§ **Exercise brief**
Please restate the data that follows word for word, with the pictures left out.

§ **Exercise data**
= Beginning of Section =

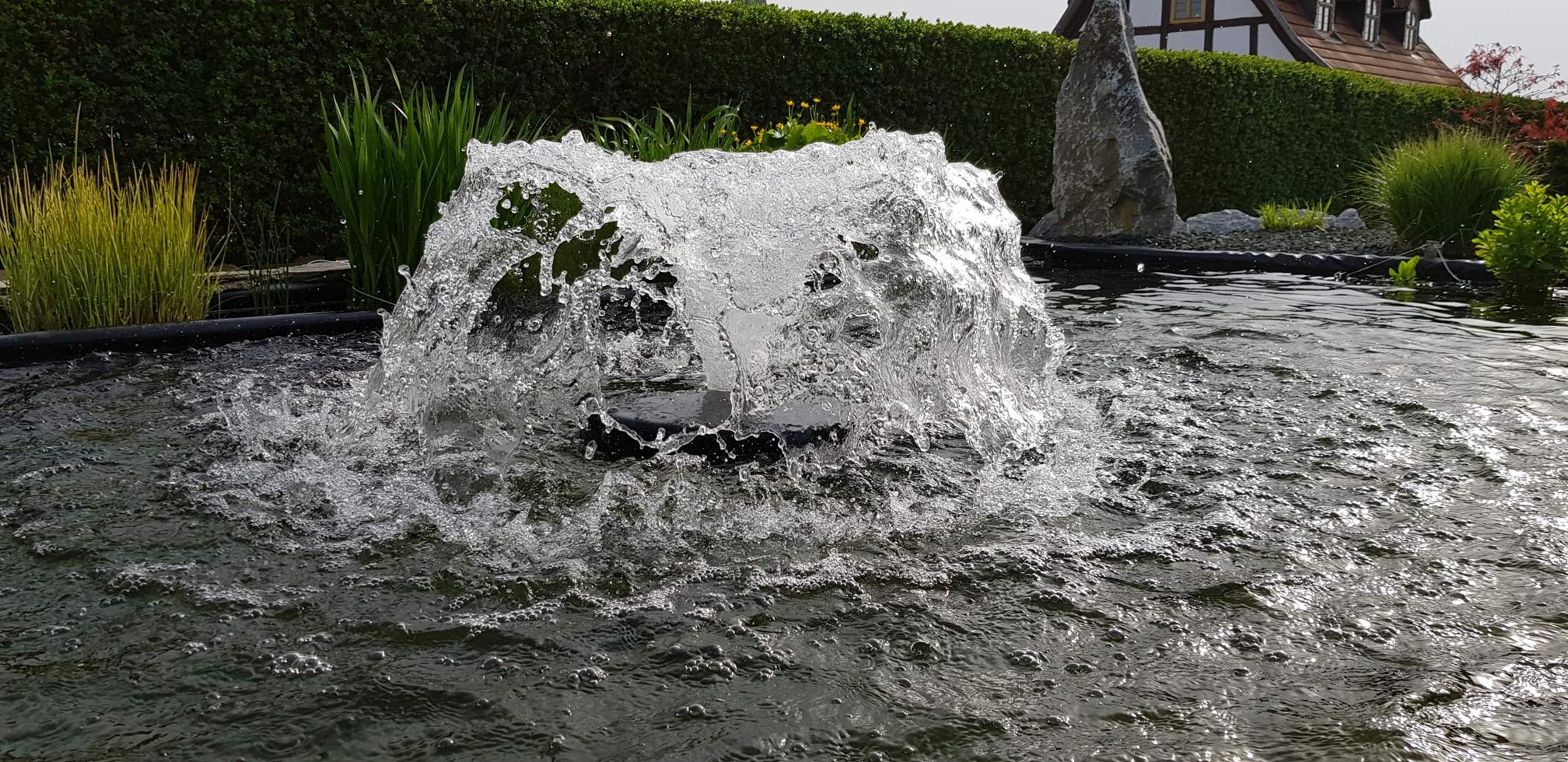 Solar Teichbelüfter · PowerAir 100 Solar Teichbelüfter mit Solarpanel im Garten Solar Teichbelüfter · PowerAir 100 Solar Teichbelüfter mit Solarpanel im Garten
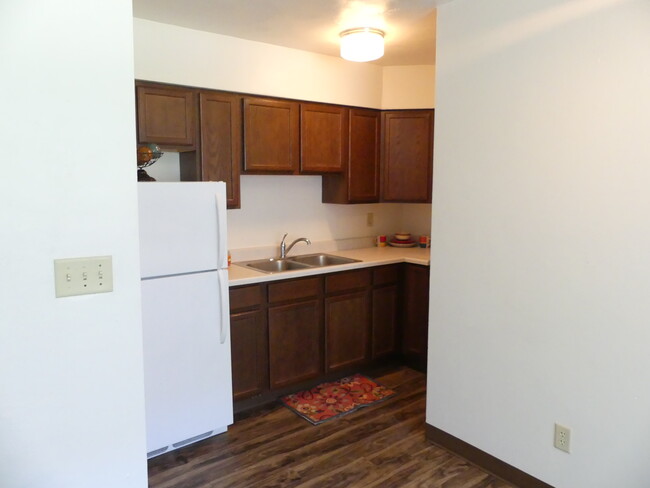 Building Photo - Lakeview Terrace Apartments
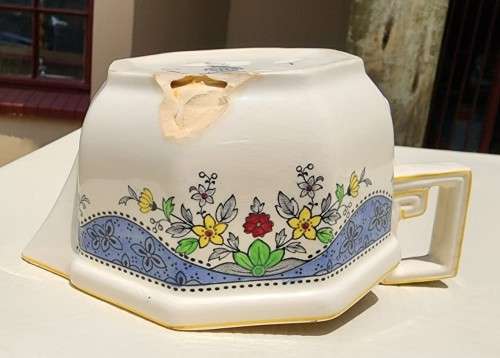 ROYAL DOULTON ENGLAND GRAVY BOAT WITH SPIL TRAY HAND PAINTED DRAYCOT PATTERN D4635 (1926-19??)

= End of Section =

§ **Exercise result**
 Solar Teichbelüfter · PowerAir 100 Solar Teichbelüfter mit Solarpanel im Garten Solar Teichbelüfter · PowerAir 100 Solar Teichbelüfter mit Solarpanel im Garten
 Building Photo - Lakeview Terrace Apartments
 ROYAL DOULTON ENGLAND GRAVY BOAT WITH SPIL TRAY HAND PAINTED DRAYCOT PATTERN D4635 (1926-19??)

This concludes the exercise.